(What to do) Give the lines below again, exactly as they stand, and leave out the images.

Stored data below:

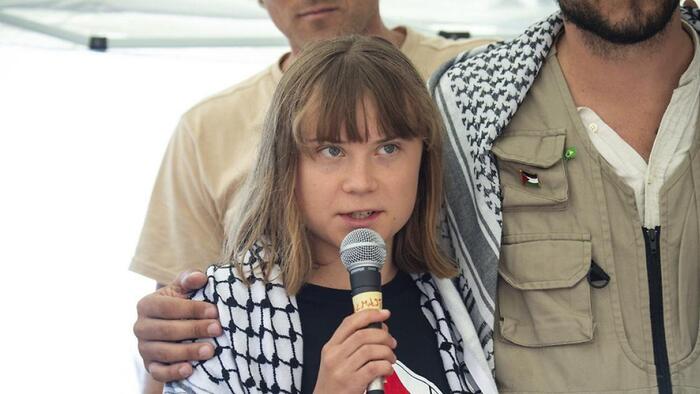 NextImg:Greta Thunberg Seeks Spotlight In Gaza After Abandoning Climate Crusade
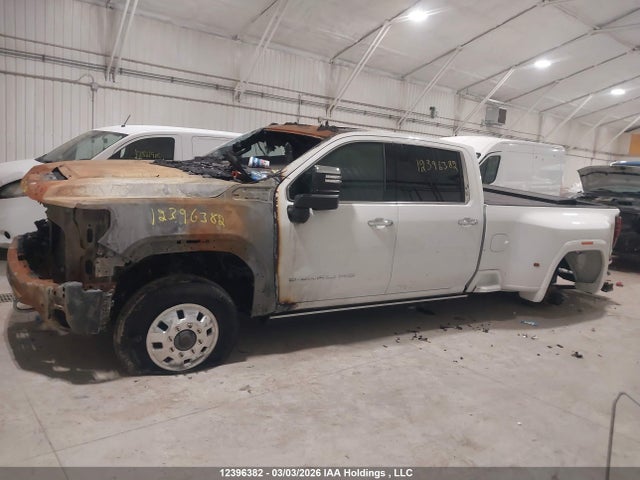 12396382 :رقم المزاد ، 1GT49YEY3RF403016 vin ، 2024 Gmc Sierra 3500hd Denali Ultimate مزاد بيع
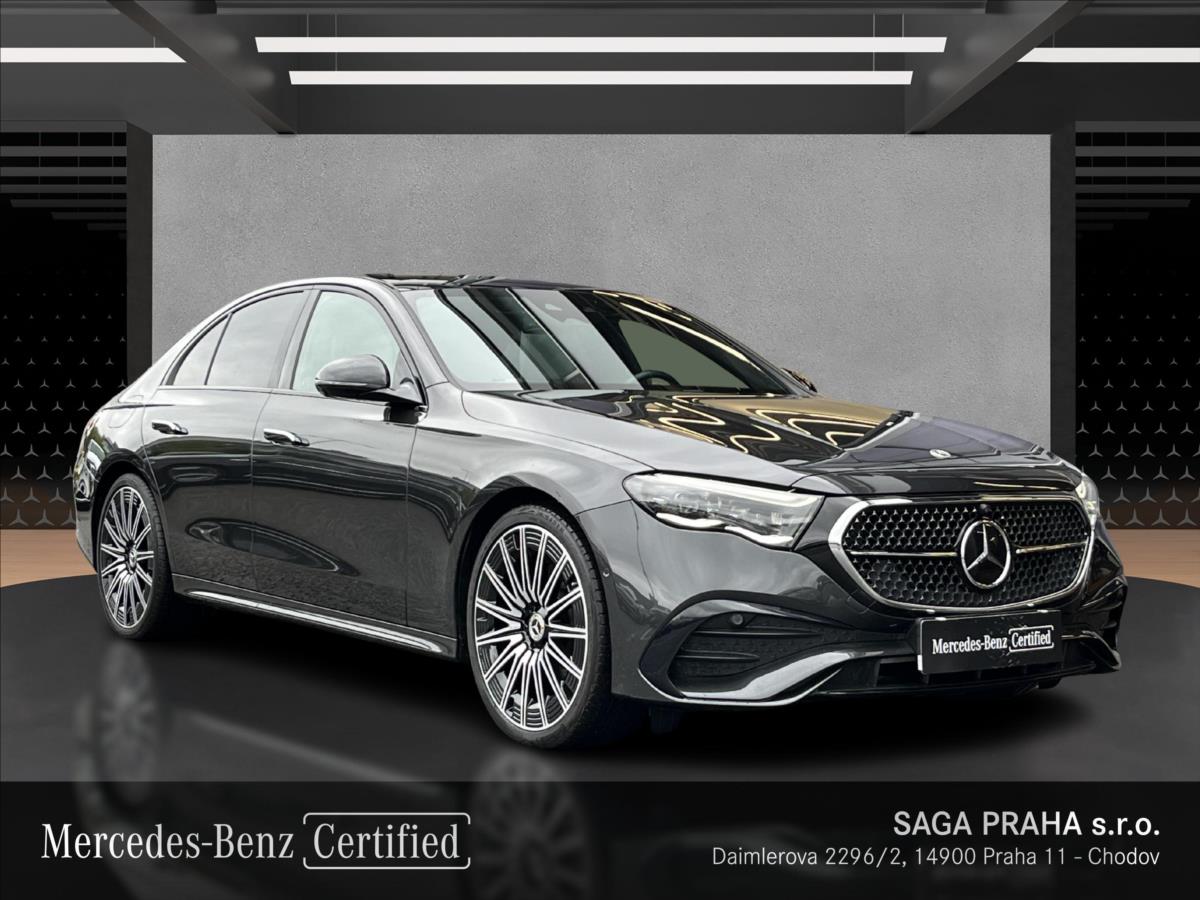 Mercedes-Benz Třídy E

End of Stored data.

(Reply to the task)
 NextImg:Greta Thunberg Seeks Spotlight In Gaza After Abandoning Climate Crusade
 12396382 :رقم المزاد ، 1GT49YEY3RF403016 vin ، 2024 Gmc Sierra 3500hd Denali Ultimate مزاد بيع
 Mercedes-Benz Třídy E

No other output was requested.